I found myself in my Brooklyn apartment for the last time. Some snow had fallen the night before and a sheen of ice had hardened on the street. I disassembled my bed frame and hunted through the drawers one last time. If this were a movie I might reflect deeply for a moment on everything that had happened in the apartment, but I didn’t. The truth is that I couldn’t wait to leave, couldn’t wait to start my life again, couldn’t wait to reinvent myself, to fly, to become a hard and confident man, to steer my life where I wanted to go. My wonderful trooper of a father arrived and we carted everything down the stairs to the van. We edged onto the freeway and I didn’t look behind me once.

Being at home #2 (which is, of course, still my home) was quiet and wonderful. I got to cook for my parents almost every night and in the early mornings I worked out hard at the gym. By the time Stephen and our affable nitwit of a friend, Jon Mark, pulled up in Stephen’s car, I was feeling pretty terrific and ready to start my adventure.

Heathendom.

Heathendom.

All then there was Mardi Gras. There is nothing quite so strange as watching an entire city get drunk for five straight days. What’s especially strange is that it really is... everyone. I saw the drunks drunk, college kids getting drunk, and I saw what looked like a country club’s worth of rich white people standing in the middle of a side street drunk and smoking cigars. It can turn dark really fast; in few places on earth can you see the numbness of an entire species quite so clearly as Bourbon St. on the last night of Mardi Gras. A “Romanian gypsy” whose breath smelled like vomit read my palm. I saw people doing scandalous things to try and convince strangers to throw plastic beads at them from balconies. Solo cups slid down a river of human matter and booze so fast that rats could have used them as ferries.

By day three I needed silence and found it by cycling along Esplanade Avenue and north to the southern bank of Lake Pontchartrain. Along the way I found a church, Our Lady of the Somethings, and sat in it for an hour, just relishing the nonexistence of stimulants in my system or sound waves careening around me. In that sensory deprivation tank, I thought back home to my family, to the life I’d left behind. I found my thoughts unsettlingly pulled back to where I had come from, and for the first time wondered if I had made a mistake in leaving. I lit a candle, said goodbye to the silence, and got back on my bike.

 

Some of the best seafood I've ever tasted. Above: crawfish. I ate 5 pounds of them. 

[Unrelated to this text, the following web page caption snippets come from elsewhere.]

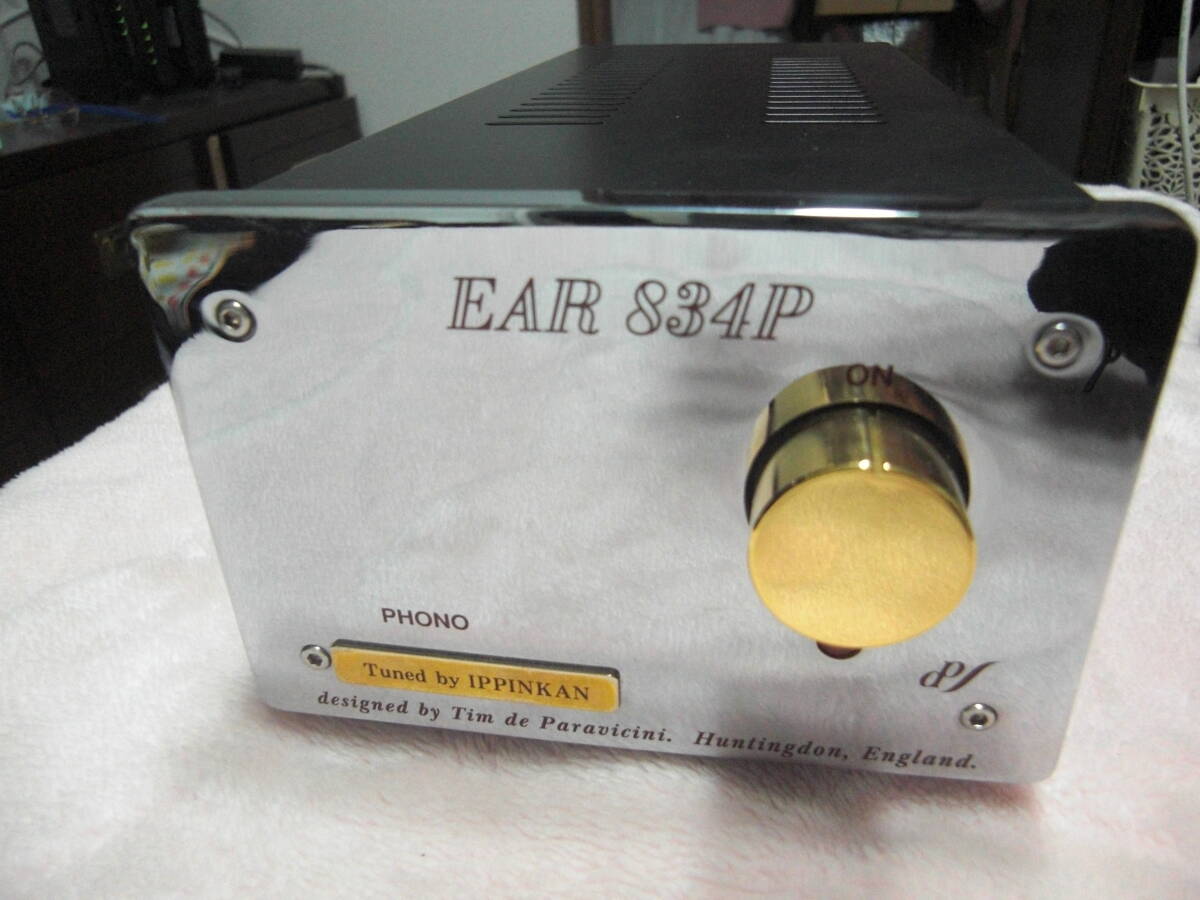 Yahoo!オークション - airbow EAR834P 真空管式 フォノ Yahoo!オークション - airbow EAR834P 真空管式 フォノ
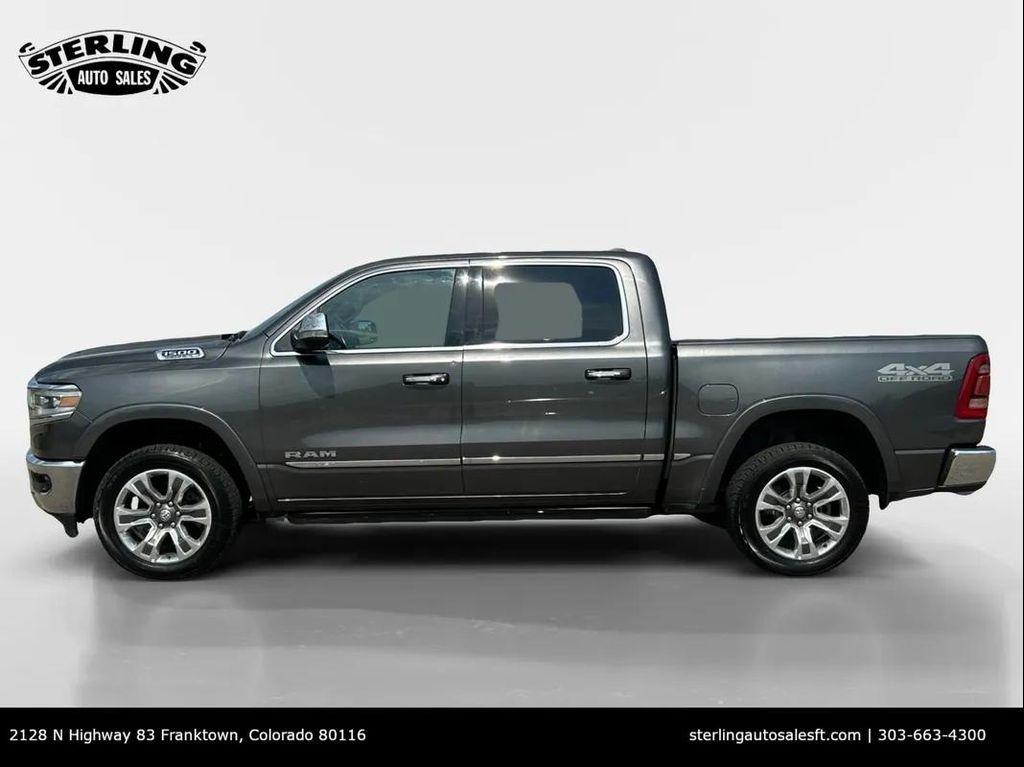 used 2022 Ram 1500 car, priced at $43,950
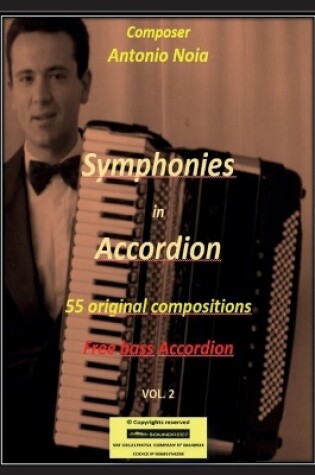 Cover of Symphonies in Accordion Vol.2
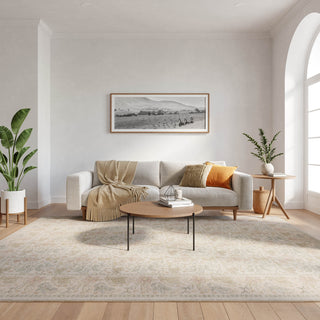 The Rug Corner Nourison Home Nourison Home - Botanical Washables Beige/Multi Area Rug BOT03  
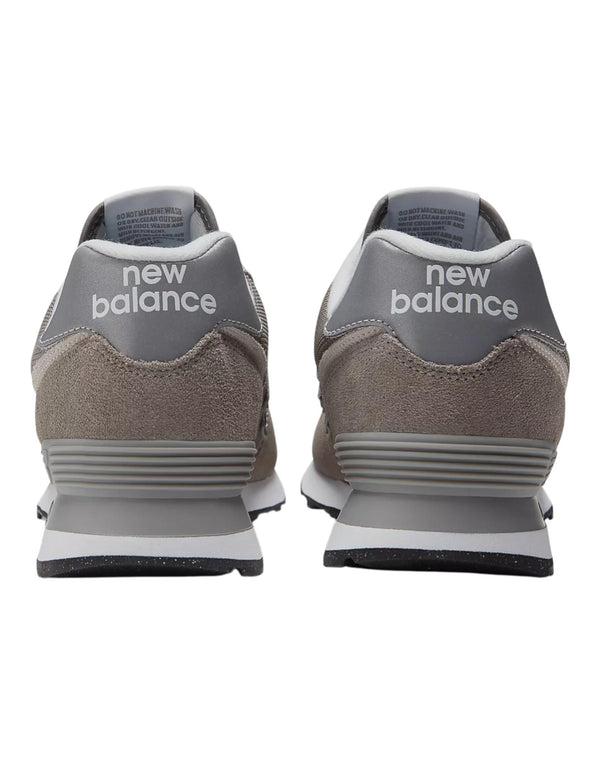 New Balance 574 Sneaker uomo grigio immagine 3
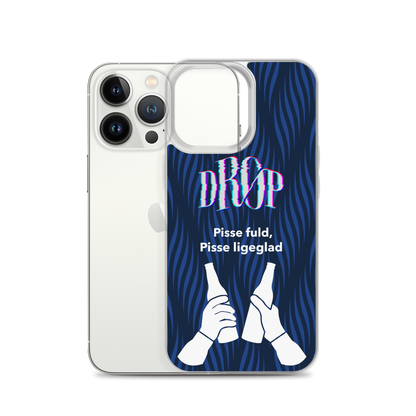 Pisse fuld iPhone Cover DRØP
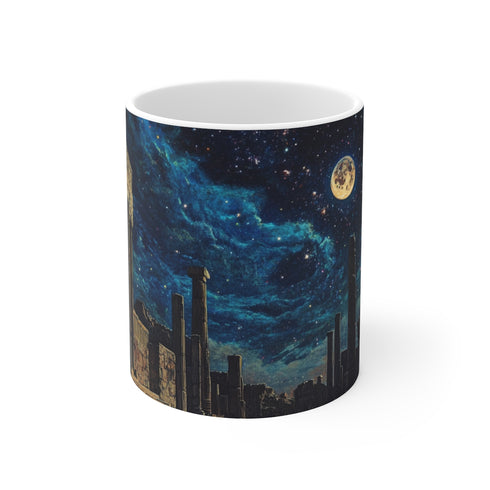 "Babylon Starry Night Sky Mug"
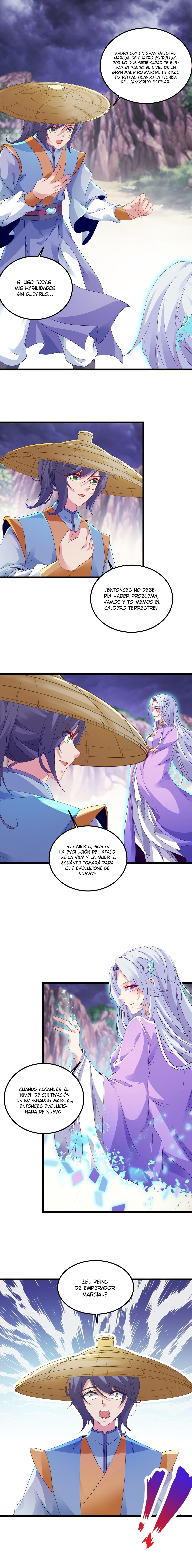 Emperador del Alma Divina — Capítulo 149 — 2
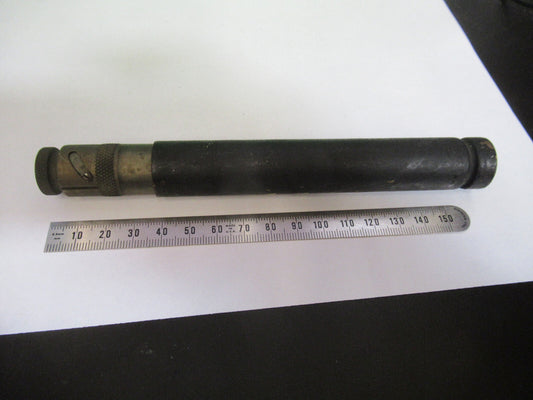 Antique Brass Telescope Unknown Collimator Scope Part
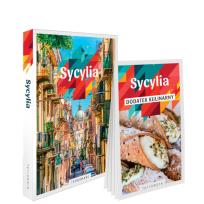 Okładka książki Sycylia przewodnik z dodatkiem kulinarnym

Some of the best seafood I've ever tasted. Above: crawfish. I ate 5 pounds of them. 

By the time I got back in the car, hungover from alcoholic slurpies and desperate for a cure, I wanted nothing more than to flee from the insanity of that festival. What’s strange is that I can’t stop thinking about it now. 

There is a place in New Orleans called F&M and it is a shithole. I don’t use that term lightly because that evening it was, factually, a shithole: there was an overflow of human feces spilling out of the men’s room and into the corridor, where I advised the couple whispering behind me that no, no they did not want to have sex in there.

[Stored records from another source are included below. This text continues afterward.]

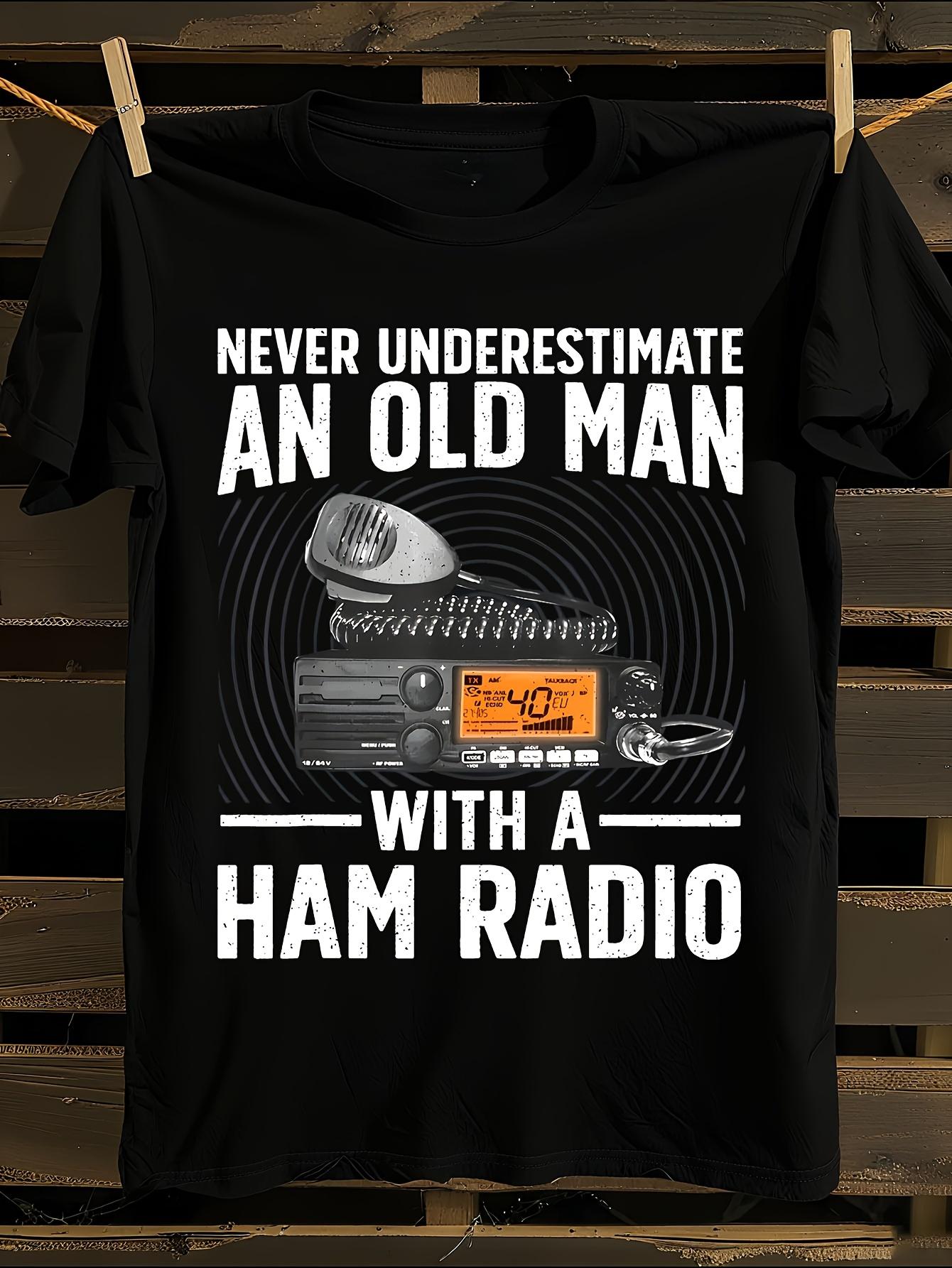 Vintage Radio Operator T-shirt S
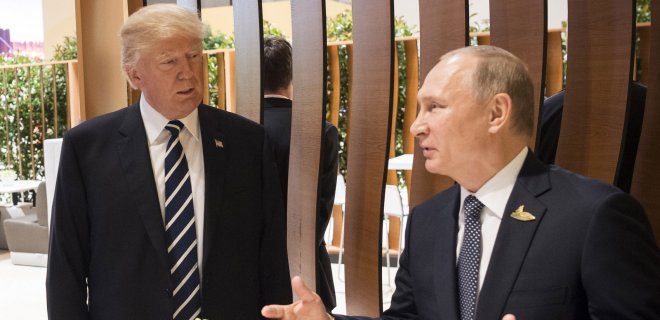 Трамп, Путин и Крым: возможна ли сделка в Хельсинки - Фото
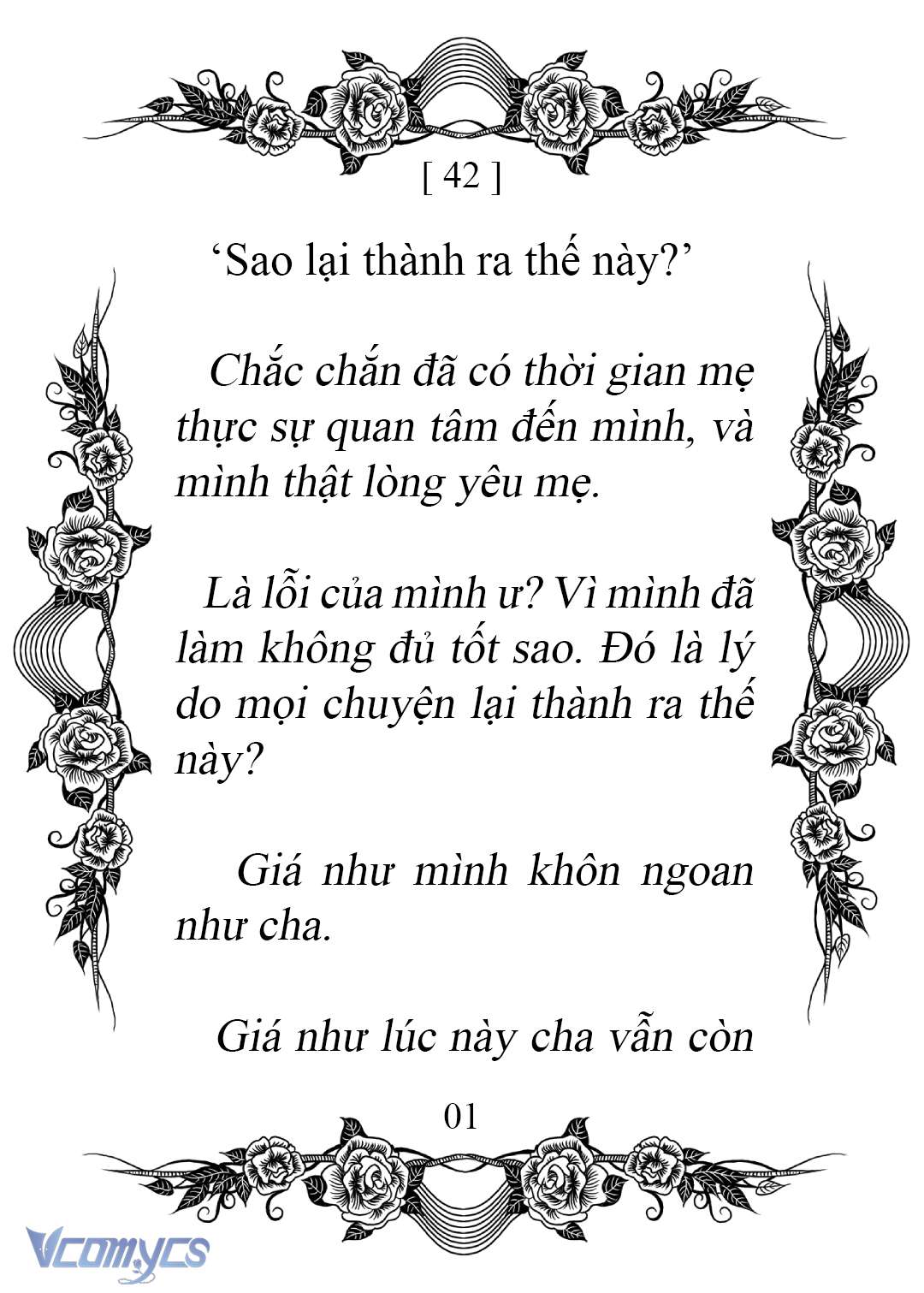 [Novel] Chào Mừng Đến Với Dinh Thự Hoa Hồng Chap 42 - Trang 2
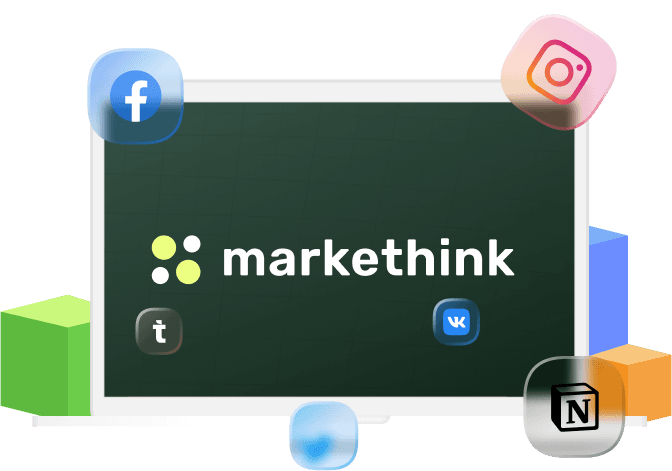 social media icons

This probably gives you a pretty good idea of the kind of bar F&M is -- people dance on top of a pool table, the music is a strange mixture of early 2000’s rap and hip hop, country, and modern chart toppers. The place dribbles over the edges with horny 20-somethings looking for a Mardi Gras one-nighter. I don’t do well with these kinds of situations: it’s like I don’t know what to do with my body. This is how it’s always been, ever since high school dances. Let me reiterate that: ever since high school. Why the hell, then, did I find myself in this shithole in Louisiana? Wasn’t the point of my leaving home to start fresh, to start all over, to not find myself in the middle of a club dancing to music that I hate and wanting to be anywhere else?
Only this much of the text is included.